Records from a data collection:
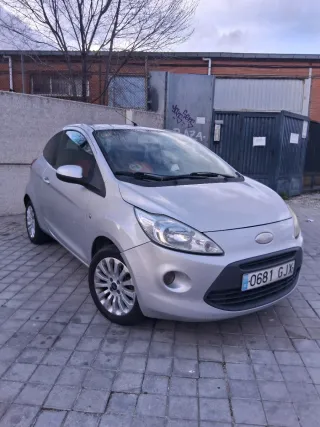 Ford Ka 2010
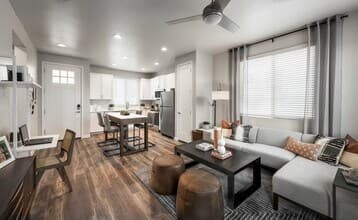 1 Bedroom 116 floor plan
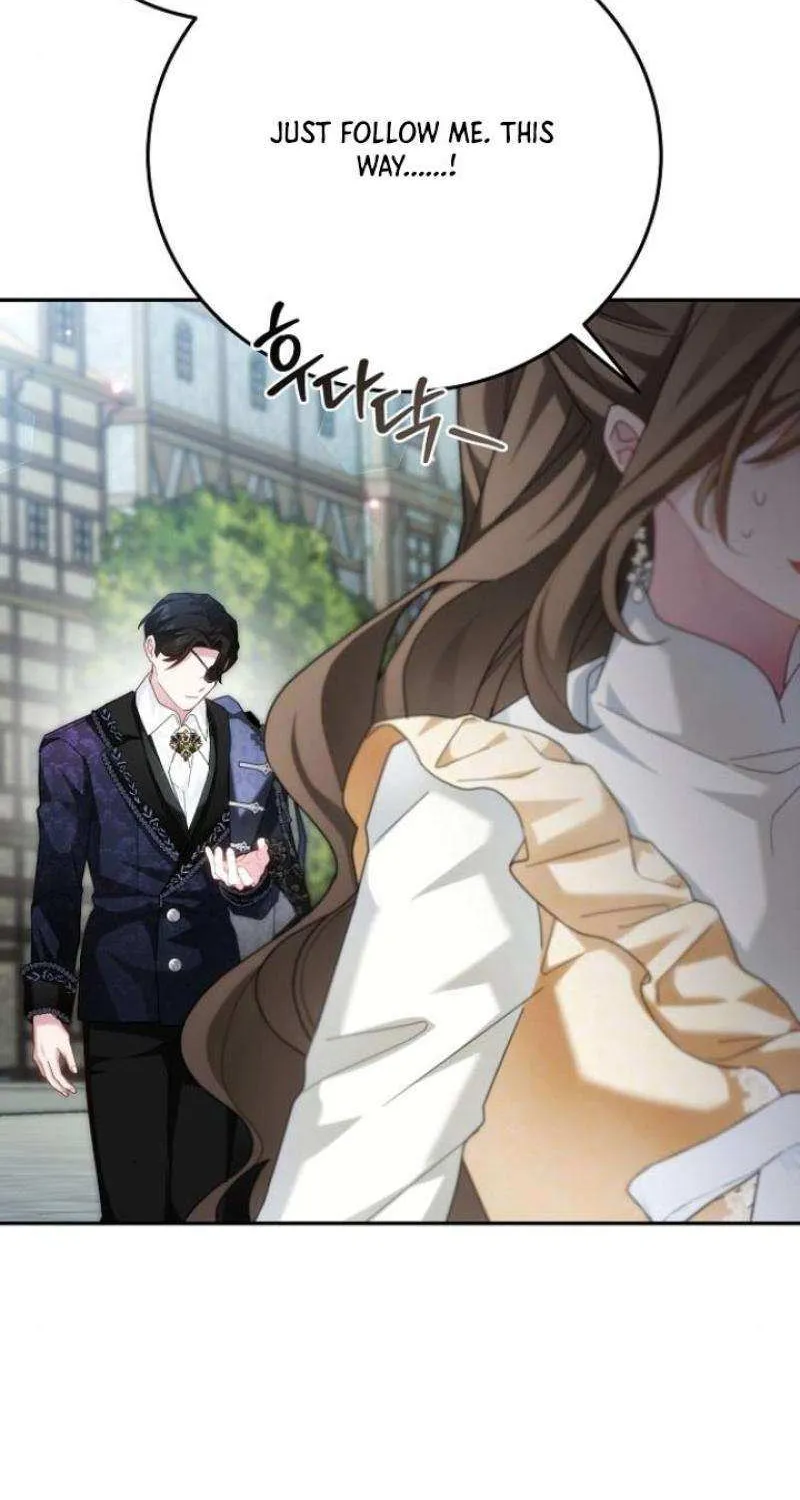 Pulling the Grand Duke’s Leash Chapter 20 page 42 - 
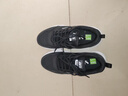 安踏男鞋运动鞋2026春夏季男士软底网面透气鞋子轻便户外干活跑步鞋 【春夏季新品推荐】黑/白-6 40 (250mm) 男 实拍图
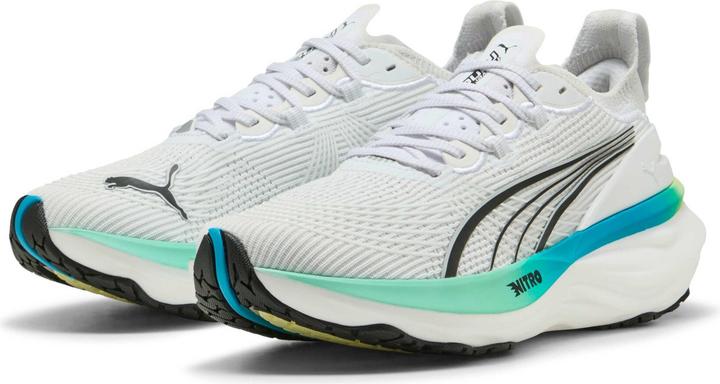 PUMA Bianco-Menta Fuso
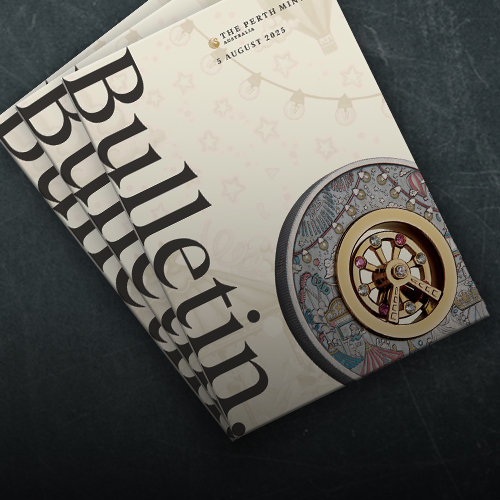 Browse previous catalogues collector coins - The Perth Mint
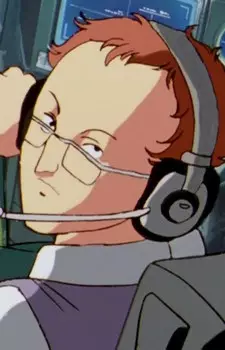 imagem de capa do personagem Chris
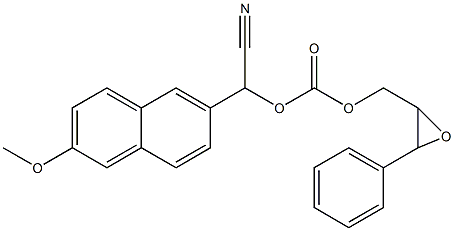 Epoxy Fluor 7 Struktur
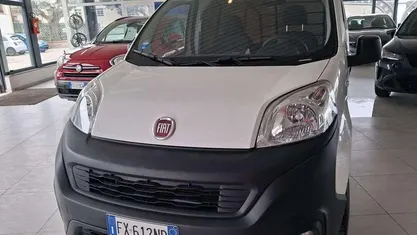Usata Fiat Fiorino 80 CV (58 kW) 2019 Monovolume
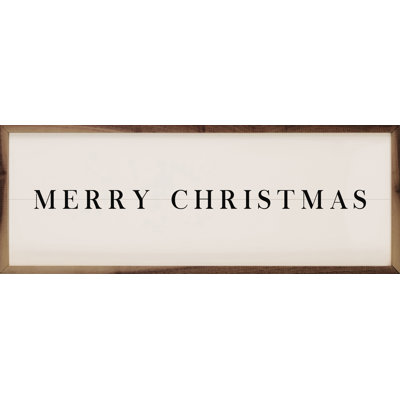 Merry Christmas Caps - blanc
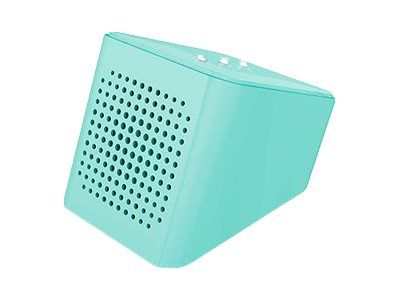 White Diamonds Crystal Bluetooth Speaker - Green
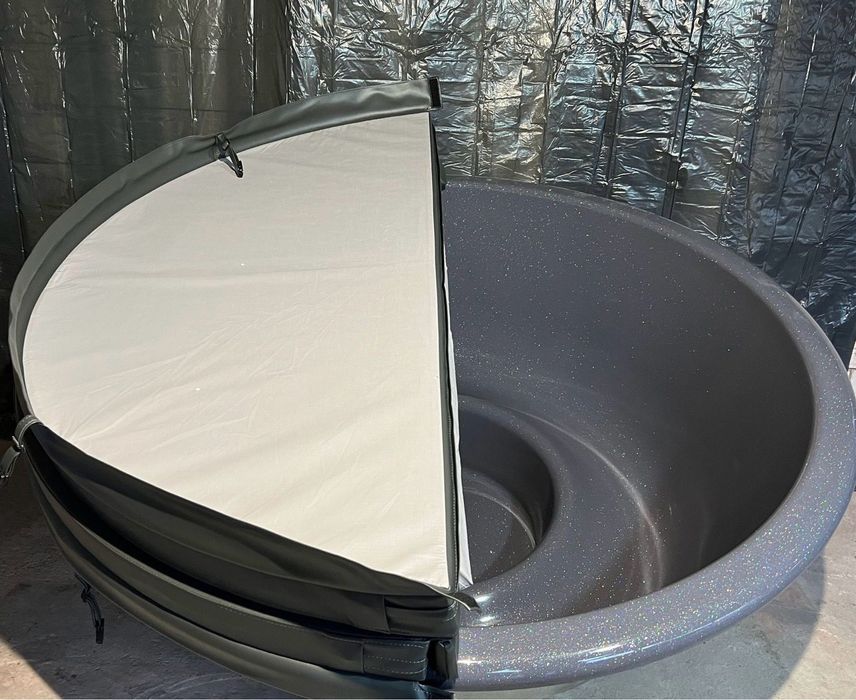 Capac termo izolat pentru Ciubar/ciubar/cada/jacuzzi/cuva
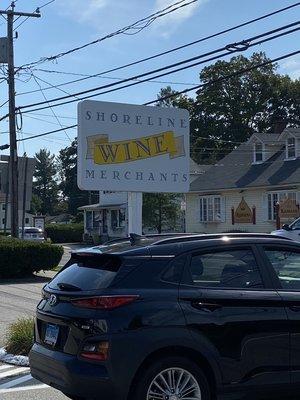 Shoreline Wine Merchants, 1015 Boston Post Road, Guilford,Ct.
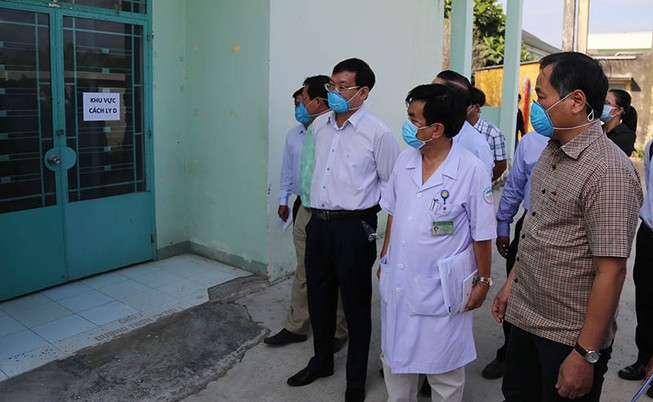 Khánh Hòa sẵn sàng trưng dụng 2 khu cách ly tập trung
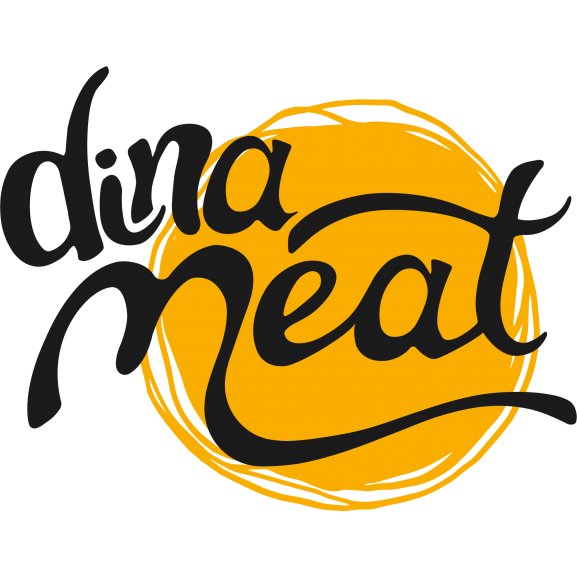 Dinameat Burger Logo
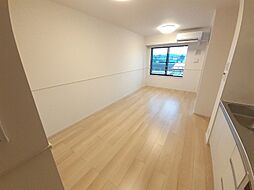 セレッソ　ソレイユ 204 2階1LDKのリビング/ダイニング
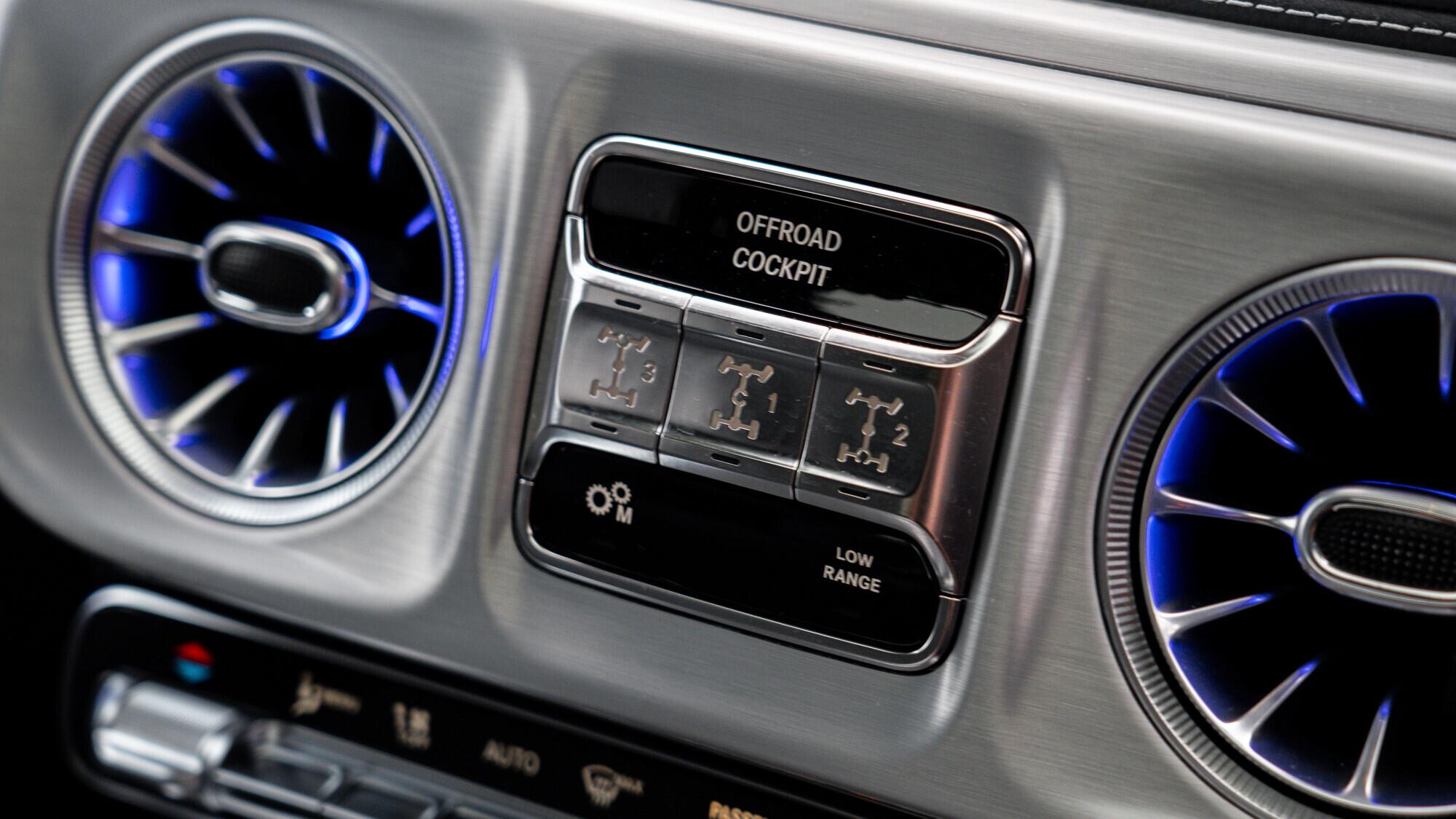 Mercedes-Benz G-Class view 53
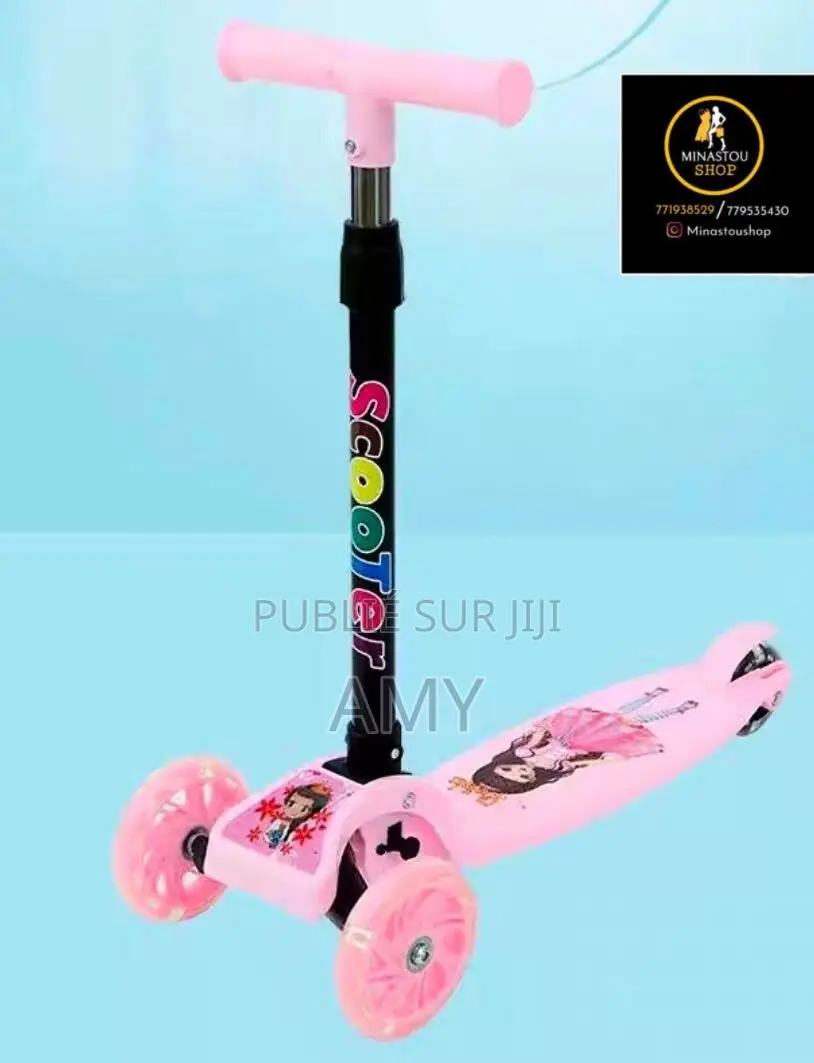 Trotinette Pour Enfants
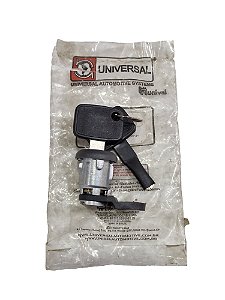 Cilindro da Porta Dianteira Cinza Com Chave Direita/Esquerda GM Monza GI Fase II 91 a 96 Universal 40304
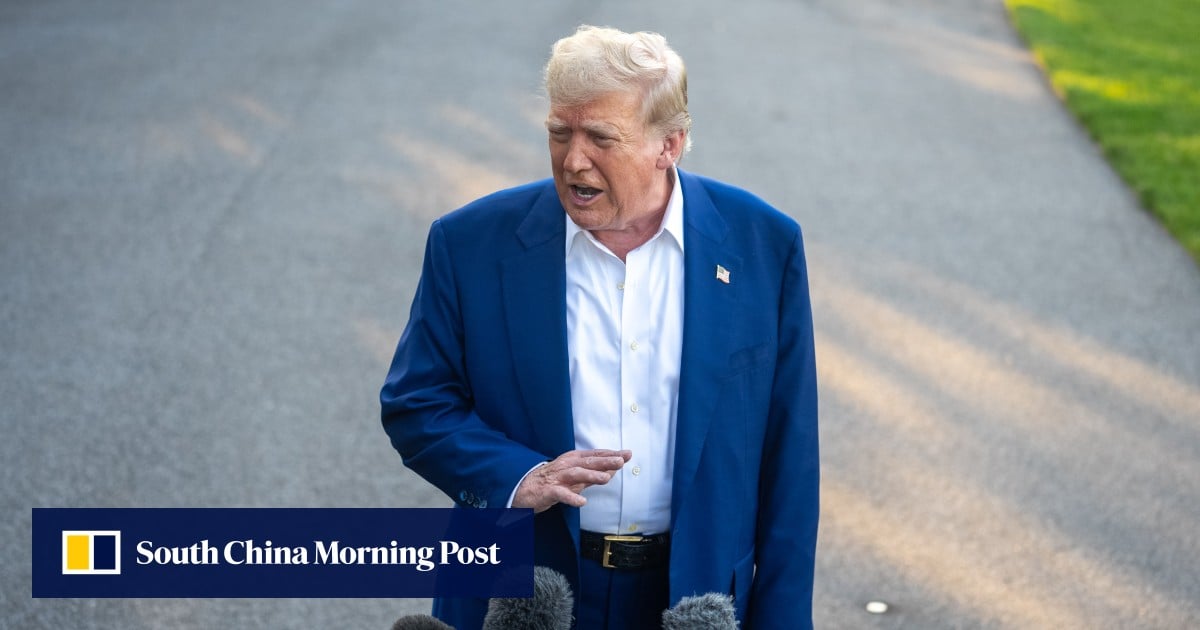 White House clarifies Trump’s comment on China buying Iranian oil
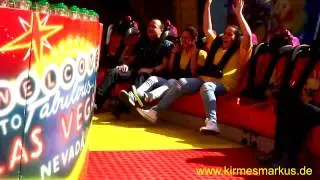 Frisbee Ruppert Onride Video 3 Bad Kreuznacher Jahrmarkt 2014 by kirmesmarkus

* Task brief *
No pictures should appear; only the lines from the first line of the records through the line with "White House clarifies", both included, are to be restated word for word.

* Answer to the problem *
 Ford Ka 2010
 1 Bedroom 116 floor plan
 Pulling the Grand Duke’s Leash Chapter 20 page 42 - 
 安踏男鞋运动鞋2026春夏季男士软底网面透气鞋子轻便户外干活跑步鞋 【春夏季新品推荐】黑/白-6 40 (250mm) 男 实拍图
 PUMA Bianco-Menta Fuso
 Browse previous catalogues collector coins - The Perth Mint
 imagem de capa do personagem Chris
 Epoxy Fluor 7 Struktur
Usata Fiat Fiorino 80 CV (58 kW) 2019 Monovolume
 Merry Christmas Caps - blanc
 White Diamonds Crystal Bluetooth Speaker - Green
 Capac termo izolat pentru Ciubar/ciubar/cada/jacuzzi/cuva
 Shoreline Wine Merchants, 1015 Boston Post Road, Guilford,Ct.
 Khánh Hòa sẵn sàng trưng dụng 2 khu cách ly tập trung
 Dinameat Burger Logo
 セレッソ　ソレイユ 204 2階1LDKのリビング/ダイニング
 Mercedes-Benz G-Class view 53
 Trotinette Pour Enfants
 Cilindro da Porta Dianteira Cinza Com Chave Direita/Esquerda GM Monza GI Fase II 91 a 96 Universal 40304
 White House clarifies Trump’s comment on China buying Iranian oil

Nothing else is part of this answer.